MEXICO CITY, Oct 27 (Reuters) - Mexico has arrested two top anti-drug officials accused of taking bribes of up to $450,000 a month to leak intelligence to a drug trafficking cartel, the attorney general's office said on Monday.

The two men received between $150,000 and $450,000 a month for informing the Beltran Leyva drug gang about police operations including safe house raids and arrest targets.

"They handed over secret information and details of operations against the Beltran Leyva criminal organization," Attorney General Eduardo Medina Mora told a news conference.

The two officials are now in prison and some 30 other members of the anti-drug unit known as SIEDO have been fired.

U.S. Customs and Border Protection also arrested on Sunday a senior Mexican immigration official on the Arizona border, accusing him of smuggling marijuana, Mexican state news agency Notimex reported.

The drugs, hidden in the vehicle's spare tire and gas tank, weighed almost 169 pounds (77 kg), Immigration and Customs Enforcement said. They declined to give more details about the official's identity.

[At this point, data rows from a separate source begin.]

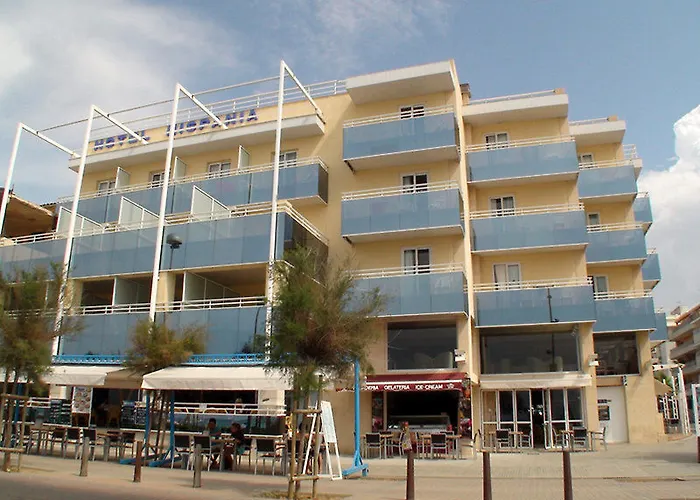 Hispania Hotel Playa de Palma (Mallorca)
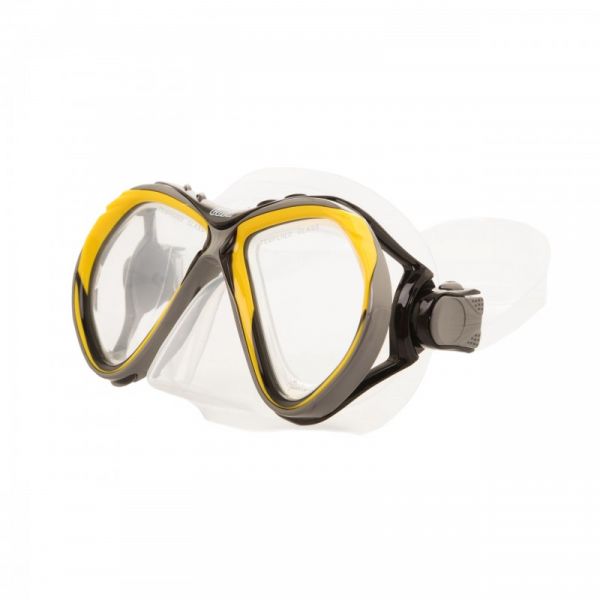 Marlin Cuba Yellow Mask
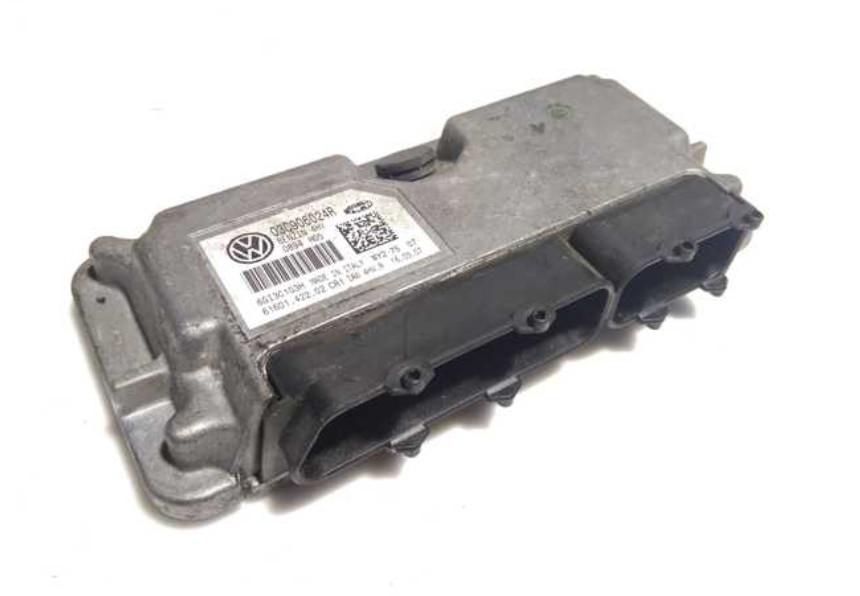 Блок управління двигуном 1.4 бензин Skoda Fabia New 03C906024R VAG (03C906024R)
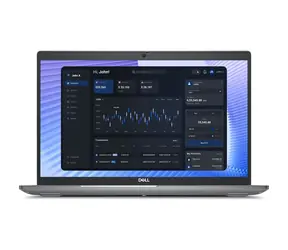 DELL Precision 5690 šedá / 16" 1920x1200 / Intel Core Ultra 7-165H 1.4GHz / 32GB / 1TB SSD / NV RTX 1000 ADA 6GB / W11P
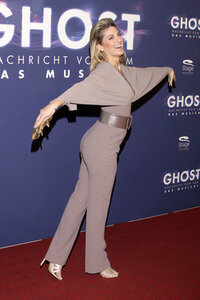 Musicalpremiere 'Ghost' in Hamburg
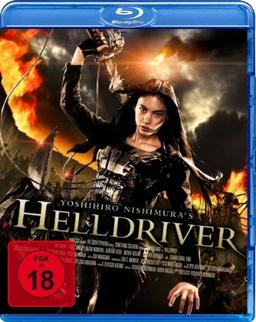 Helldriver [Blu-ray]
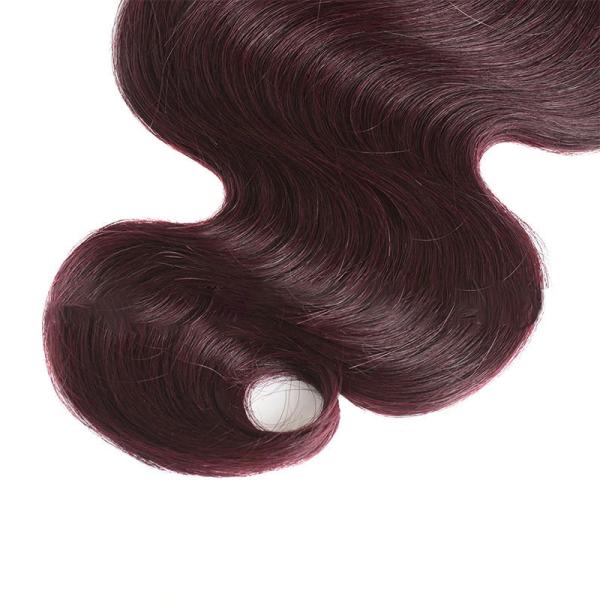 10A Human Hair Bundle Extension 100% Raw Virgin Indian Hair Cuticle Aligned Double Weft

President Felipe Calderon has made cleansing Mexico's notoriously corrupt police forces a priority in his fight against drug gangs smuggling narcotics to the United States.

But low wages, shoddy equipment and rising insecurity amid the drug war that has killed more than 3,725 people this year have made that task increasingly difficult.

Calderon has sent more than 40,000 troops across Mexico to fight the drug gangs but despite capturing several drug lords, narco-violence continues to spiral. (Reporting by Tomas Sarmiento in Mexico City and Tim Gaynor in Phoenix)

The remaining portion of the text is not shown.